··· Exercise data ···

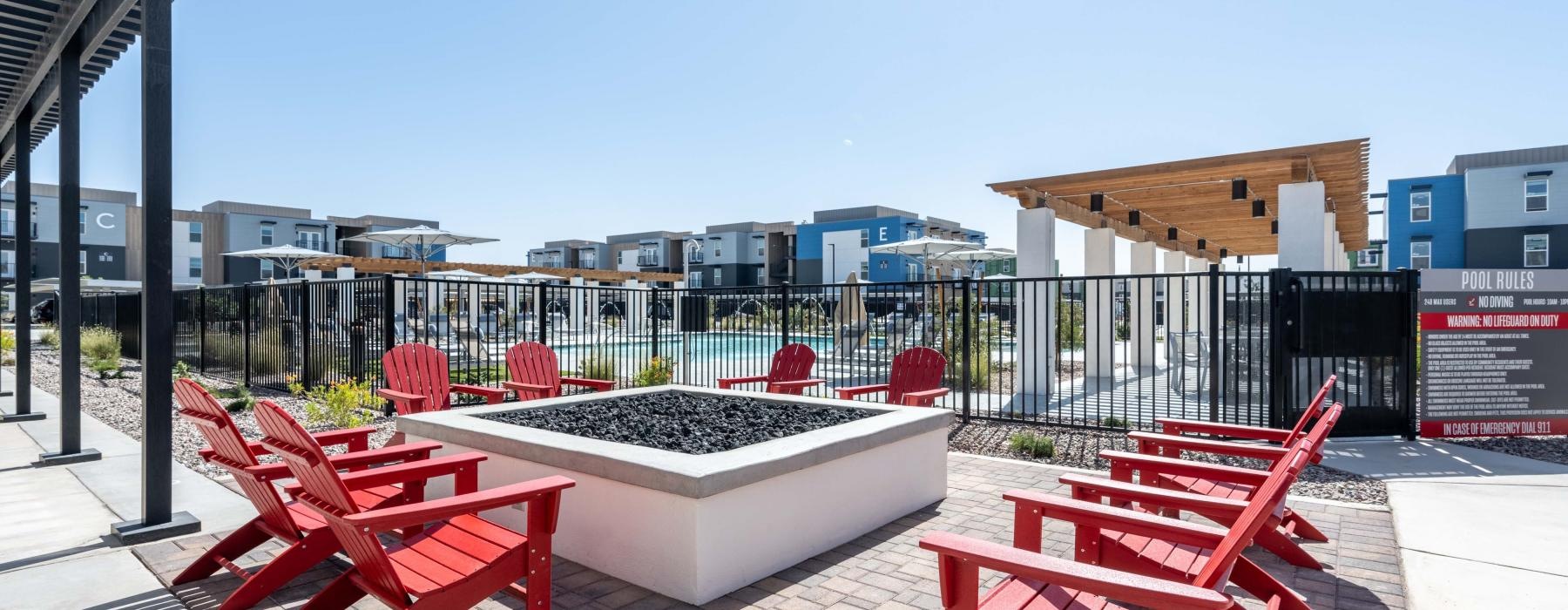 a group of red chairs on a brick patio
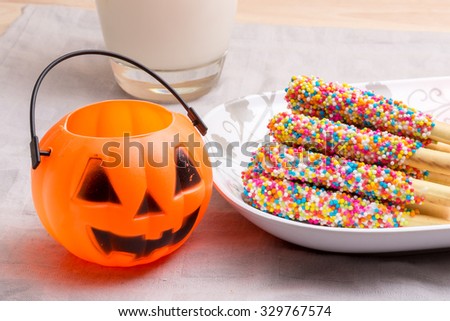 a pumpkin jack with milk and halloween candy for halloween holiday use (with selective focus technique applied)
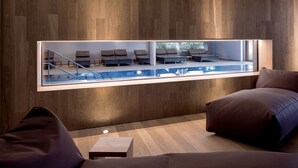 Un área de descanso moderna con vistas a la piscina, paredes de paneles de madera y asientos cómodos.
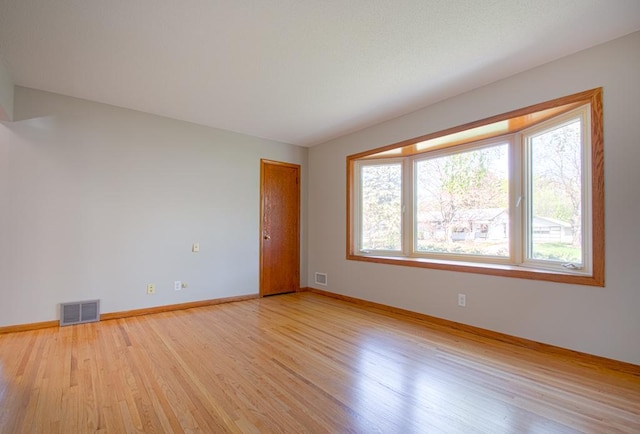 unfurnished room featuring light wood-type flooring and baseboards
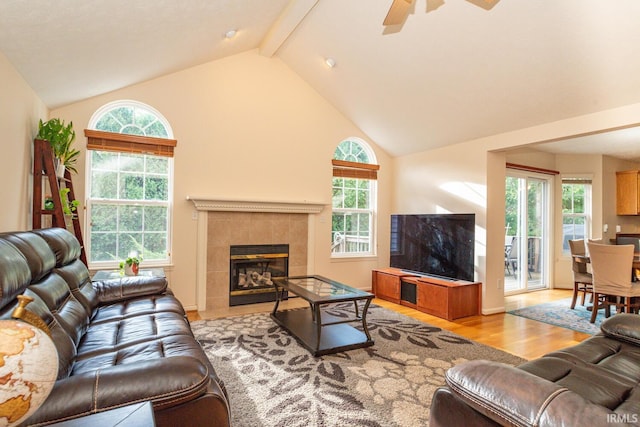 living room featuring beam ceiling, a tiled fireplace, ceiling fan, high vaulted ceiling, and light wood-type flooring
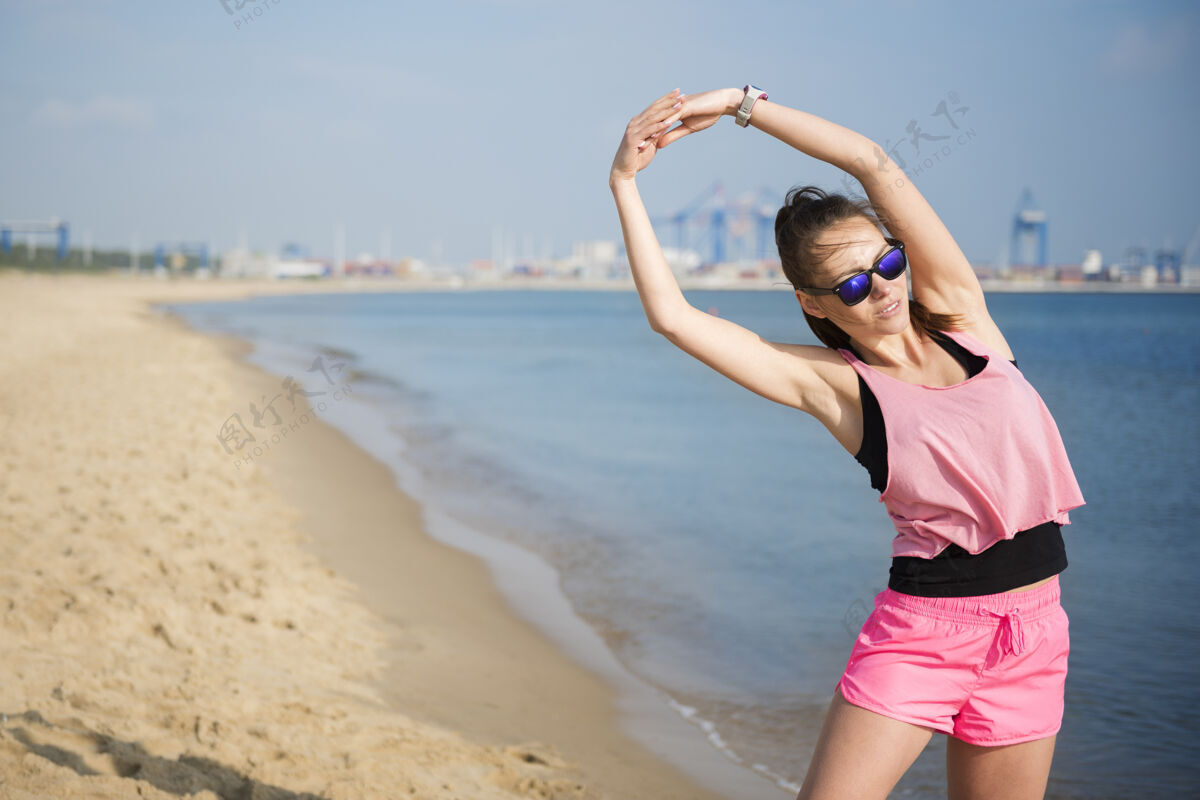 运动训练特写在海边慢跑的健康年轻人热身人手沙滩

···

Directions - Every record above must reappear exactly in the answer, minus its pictures.

Solution -
 a group of red chairs on a brick patio
 a pumpkin jack with milk and halloween candy for halloween holiday use (with selective focus technique applied)
 Un área de descanso moderna con vistas a la piscina, paredes de paneles de madera y asientos cómodos.
 unfurnished room featuring light wood-type flooring and baseboards
 living room featuring beam ceiling, a tiled fireplace, ceiling fan, high vaulted ceiling, and light wood-type flooring
 运动训练特写在海边慢跑的健康年轻人热身人手沙滩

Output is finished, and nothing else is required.